Graham Hughes’s debut feature film is on the surface a spooky mockumentary investigation into a haunting at his namesakes apartment. Any seasoned viewer of this style of film will know this means apparitions and weird happenings occurring in frame for the audience’s benefit as the hapless protagonist blithely talks into the lens about nothing happening. However, just beneath that veneer of our expectations DEATH OF A VLOGGER reveals itself to be a really savvy horror film about the existential threat of social media addiction that society is running into headfirst.
Hughes repeatedly demonstrates, without ever lecturing us, the dangers of feeding the social media machine and expecting your life to improve as a result. In short, the chase for comments, likes and instagram followers transforms people into unethical monsters. Enter the sociopath in a variety of Hawaiian shirts, Steve. A ghost hunter of some YouTube notoriety, he’s really just a tin pot narcissist with a camera and an ego bigger than the ground covered on The Proclaimers 1000 mile round trip.
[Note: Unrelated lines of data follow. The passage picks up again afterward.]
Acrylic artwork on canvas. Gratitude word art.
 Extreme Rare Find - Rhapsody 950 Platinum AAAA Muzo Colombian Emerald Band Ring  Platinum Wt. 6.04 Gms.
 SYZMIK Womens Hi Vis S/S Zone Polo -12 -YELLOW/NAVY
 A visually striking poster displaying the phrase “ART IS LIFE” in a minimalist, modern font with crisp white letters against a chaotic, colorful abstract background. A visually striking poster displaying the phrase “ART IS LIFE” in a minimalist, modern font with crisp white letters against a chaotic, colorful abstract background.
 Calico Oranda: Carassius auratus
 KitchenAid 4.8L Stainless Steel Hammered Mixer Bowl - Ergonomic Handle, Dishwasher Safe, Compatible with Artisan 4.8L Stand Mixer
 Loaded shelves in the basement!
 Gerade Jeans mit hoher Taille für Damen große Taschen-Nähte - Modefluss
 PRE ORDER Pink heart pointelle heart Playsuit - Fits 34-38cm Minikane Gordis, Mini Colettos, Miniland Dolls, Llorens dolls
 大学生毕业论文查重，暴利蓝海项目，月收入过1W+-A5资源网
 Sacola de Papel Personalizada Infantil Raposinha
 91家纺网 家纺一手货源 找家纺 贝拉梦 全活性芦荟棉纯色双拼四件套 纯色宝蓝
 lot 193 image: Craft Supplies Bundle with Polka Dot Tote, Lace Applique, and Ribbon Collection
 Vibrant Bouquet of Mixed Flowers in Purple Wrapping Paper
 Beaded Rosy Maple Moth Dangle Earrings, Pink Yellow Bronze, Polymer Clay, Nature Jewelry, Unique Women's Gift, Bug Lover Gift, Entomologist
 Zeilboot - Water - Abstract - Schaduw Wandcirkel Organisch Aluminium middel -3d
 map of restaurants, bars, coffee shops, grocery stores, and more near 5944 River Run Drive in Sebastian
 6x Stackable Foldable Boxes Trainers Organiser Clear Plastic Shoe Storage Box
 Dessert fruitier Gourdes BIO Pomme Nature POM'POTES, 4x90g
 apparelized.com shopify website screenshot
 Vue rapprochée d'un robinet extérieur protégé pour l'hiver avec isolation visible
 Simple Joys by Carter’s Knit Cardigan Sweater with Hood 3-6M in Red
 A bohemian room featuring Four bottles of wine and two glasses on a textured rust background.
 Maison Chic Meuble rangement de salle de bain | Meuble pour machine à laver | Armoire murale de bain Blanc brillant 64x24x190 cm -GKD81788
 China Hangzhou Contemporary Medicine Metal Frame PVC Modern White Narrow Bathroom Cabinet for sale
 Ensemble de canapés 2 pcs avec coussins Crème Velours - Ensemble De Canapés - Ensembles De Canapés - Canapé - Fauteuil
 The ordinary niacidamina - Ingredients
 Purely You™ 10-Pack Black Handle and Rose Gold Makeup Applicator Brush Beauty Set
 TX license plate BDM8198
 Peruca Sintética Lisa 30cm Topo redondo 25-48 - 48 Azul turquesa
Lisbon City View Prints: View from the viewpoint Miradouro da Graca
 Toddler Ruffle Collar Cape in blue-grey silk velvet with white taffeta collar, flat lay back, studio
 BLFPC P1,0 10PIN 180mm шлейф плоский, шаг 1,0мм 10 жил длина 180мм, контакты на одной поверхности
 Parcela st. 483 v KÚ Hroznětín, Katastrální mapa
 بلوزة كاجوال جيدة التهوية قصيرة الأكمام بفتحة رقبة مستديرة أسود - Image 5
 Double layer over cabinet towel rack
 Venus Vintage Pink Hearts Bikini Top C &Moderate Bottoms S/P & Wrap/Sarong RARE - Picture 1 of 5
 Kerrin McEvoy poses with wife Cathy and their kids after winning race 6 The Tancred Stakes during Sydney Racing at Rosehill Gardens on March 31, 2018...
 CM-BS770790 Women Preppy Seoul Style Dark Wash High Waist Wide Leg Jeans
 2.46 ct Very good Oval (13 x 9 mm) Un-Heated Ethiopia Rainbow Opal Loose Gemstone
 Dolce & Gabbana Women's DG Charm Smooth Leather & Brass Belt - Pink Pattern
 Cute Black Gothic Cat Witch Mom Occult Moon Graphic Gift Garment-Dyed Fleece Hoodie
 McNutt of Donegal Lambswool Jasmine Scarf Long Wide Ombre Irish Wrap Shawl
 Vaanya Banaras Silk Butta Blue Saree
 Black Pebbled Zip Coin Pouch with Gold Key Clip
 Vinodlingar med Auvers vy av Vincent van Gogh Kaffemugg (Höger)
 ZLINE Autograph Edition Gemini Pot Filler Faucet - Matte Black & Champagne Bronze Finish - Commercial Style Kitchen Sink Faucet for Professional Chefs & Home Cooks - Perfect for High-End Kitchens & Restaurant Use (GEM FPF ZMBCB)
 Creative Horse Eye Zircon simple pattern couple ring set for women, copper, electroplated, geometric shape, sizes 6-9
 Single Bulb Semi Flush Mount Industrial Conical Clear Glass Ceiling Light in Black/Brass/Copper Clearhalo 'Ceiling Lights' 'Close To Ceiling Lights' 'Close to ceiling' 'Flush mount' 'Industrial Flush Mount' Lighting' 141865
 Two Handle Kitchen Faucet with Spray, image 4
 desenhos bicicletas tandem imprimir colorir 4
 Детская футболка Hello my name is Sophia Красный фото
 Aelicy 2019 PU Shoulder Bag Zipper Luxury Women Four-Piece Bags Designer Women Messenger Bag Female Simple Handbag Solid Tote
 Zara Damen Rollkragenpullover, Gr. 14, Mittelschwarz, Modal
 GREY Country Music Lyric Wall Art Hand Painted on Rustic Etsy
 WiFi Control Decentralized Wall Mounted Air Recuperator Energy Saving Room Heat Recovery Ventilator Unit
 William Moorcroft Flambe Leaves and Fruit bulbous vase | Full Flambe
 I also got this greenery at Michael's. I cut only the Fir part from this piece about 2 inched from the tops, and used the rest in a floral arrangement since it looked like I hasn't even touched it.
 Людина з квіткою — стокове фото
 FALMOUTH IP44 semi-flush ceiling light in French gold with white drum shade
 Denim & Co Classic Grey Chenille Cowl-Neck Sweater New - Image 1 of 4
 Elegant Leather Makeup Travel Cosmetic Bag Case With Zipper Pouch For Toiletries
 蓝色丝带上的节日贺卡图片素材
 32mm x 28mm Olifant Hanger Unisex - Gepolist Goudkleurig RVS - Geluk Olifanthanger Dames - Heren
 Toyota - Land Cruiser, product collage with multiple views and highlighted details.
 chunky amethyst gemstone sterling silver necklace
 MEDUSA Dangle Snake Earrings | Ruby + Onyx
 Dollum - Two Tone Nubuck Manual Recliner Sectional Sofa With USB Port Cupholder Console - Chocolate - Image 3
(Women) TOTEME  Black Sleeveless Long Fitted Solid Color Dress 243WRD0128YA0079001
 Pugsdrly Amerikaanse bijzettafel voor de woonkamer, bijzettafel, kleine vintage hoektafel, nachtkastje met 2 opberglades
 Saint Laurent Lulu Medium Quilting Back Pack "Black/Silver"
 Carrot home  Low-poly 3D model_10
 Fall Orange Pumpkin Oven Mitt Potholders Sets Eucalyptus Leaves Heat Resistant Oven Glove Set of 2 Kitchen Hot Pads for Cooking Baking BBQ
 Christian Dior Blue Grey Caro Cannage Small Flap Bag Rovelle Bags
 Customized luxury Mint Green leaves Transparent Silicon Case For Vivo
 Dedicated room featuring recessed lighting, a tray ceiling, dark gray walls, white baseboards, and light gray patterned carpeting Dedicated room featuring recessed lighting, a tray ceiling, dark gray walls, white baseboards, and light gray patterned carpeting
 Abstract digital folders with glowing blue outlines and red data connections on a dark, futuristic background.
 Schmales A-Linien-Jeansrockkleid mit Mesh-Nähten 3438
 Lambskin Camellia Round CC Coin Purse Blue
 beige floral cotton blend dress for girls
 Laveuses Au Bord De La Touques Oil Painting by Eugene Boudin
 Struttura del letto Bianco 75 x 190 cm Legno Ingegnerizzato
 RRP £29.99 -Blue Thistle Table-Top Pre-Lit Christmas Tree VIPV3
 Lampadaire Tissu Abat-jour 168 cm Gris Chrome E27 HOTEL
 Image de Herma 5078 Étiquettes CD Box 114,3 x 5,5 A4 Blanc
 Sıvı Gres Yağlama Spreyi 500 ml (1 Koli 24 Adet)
While the subject of film, Graham, played by the writer, director, editor, himself, descends into a pit of his own madness, Steve only ever wants to poke and provoke – like a child with a stick faced with an angry wasp’s nest – because it’ll get a reaction.
DEATH OF A VLOGGER is the kind of resourceful, intelligent and inventive filmmaking that pours scorn on the constraints of its tight budget and makes scouring the Discovery screens always worth your time.